Topping the list of reasons, I suppose, is the fact that I have recently aquired a husband, who also owns things and would like very much to have a place to put them (that's not at his parents house).
Add to that my recent travels around England and the uber cool homes I visited that were orderly and charming and not teeming with way too much anything (the exception being the hairbrush collection in Clederscroft B&B in Cornwall and a neighbouring tearoom that had dozens upon dozens and dozens and dozens of tea cups - NOT to photograph - hanging from the ceiling).
Also, it's spring. The sun is out. The air is fresh and rejuvinating and I actually feel, for a change, like organizing and cleaning.
And lastly - but perhaps most importantly - I helped my mum's friend (who will remain nameless but she's now my next-door-neighbour) move before Christmas and you wouldn't believe her rooms full of JUNK - we're talking floor to ceiling with boxes in every room, with little paths carved out between them for walking space, and that's not just because she was moving. It seriously made me question how valuable things are when you have so many that they control you and not the other way round.

So I've started a pile, in the studio, with books, hair curlers, a crimping iron, hats I haven't worn in five years, hair accessories, clothes, clothes, more clothes, little boxes, a smashed-and-glues-together-again tea set, purses, shoes, CDs, blankets, trinkets . . . in short, an accumulation of things I've been holding onto - whether through greed or sentimentality - for waaaaaaay to long.

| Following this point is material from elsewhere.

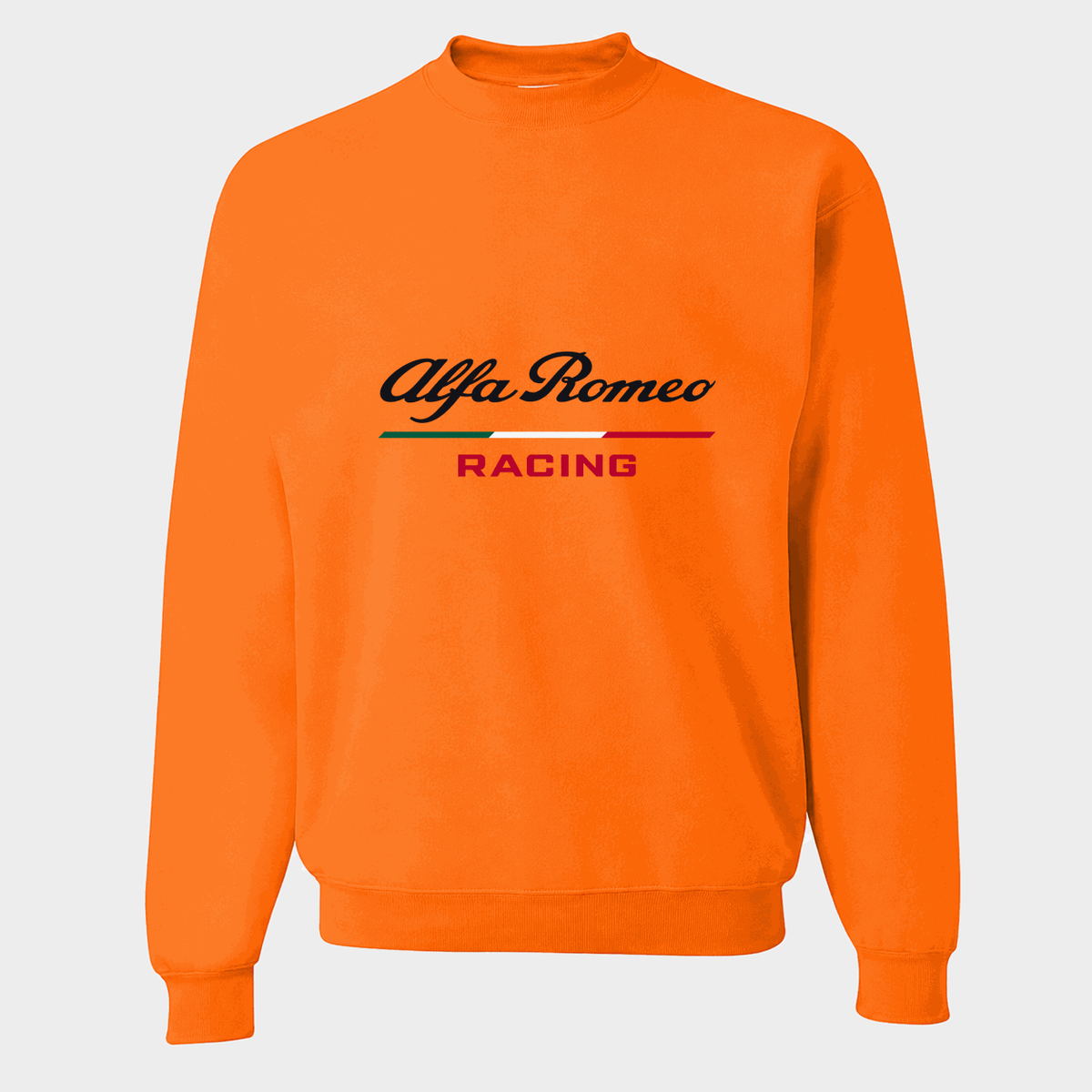 Men's Alfa Romeo Racing Crewneck Sweatshirt - Orange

Portrait of a Junk Pile: a detail from my collection
Time to liberate them. And me.
We're having a garage sale May 21 - me, my mum, my sister, my grandma and anyone else who's trash might be someone's treasure (Judy, perhaps??). What doesn't sell (at least of my things) will be donated to ADRA shortly after. It's not coming home.
And now, before I start again, I want to ask myself, why? Why do I hold onto these things? Little scraps of paper, a
theatre ticket, a newspaper clipping, an old pair of shoes worn someplace interesting? They're not the memory itself, but to venerate them by holding on when what you really need is some space ... it really is a kind of madness. Like a little squirrel collecting way more nuts than it will ever eat, just because it can. It's a gluttony of a different sort. And I think I'm ready for a material diet.
The problem is, it's after it's all gone that you suddenly need just exactly the pair of shoes you just sold because they're the only ones that would go with a new dress. Or, after not needing a wrench for the seven years I've lived here, the week after someone else buys it is when I'll have some sort of emergency that that wrench could have helped me out of. It never fails. But I'm going to risk it. I'll buy another wrench, if the situation warrents. For now, Everything! Must! Goooo!
I'll let you know how well it goes.
2 comments:
One junk pile to be replaced by another when all my paints, brushes and canvases come over!
May my husband read this and convert to your religion, and may this tale encourage me towards even more ruthless purgings of my own pointless possessions. You are my heroine.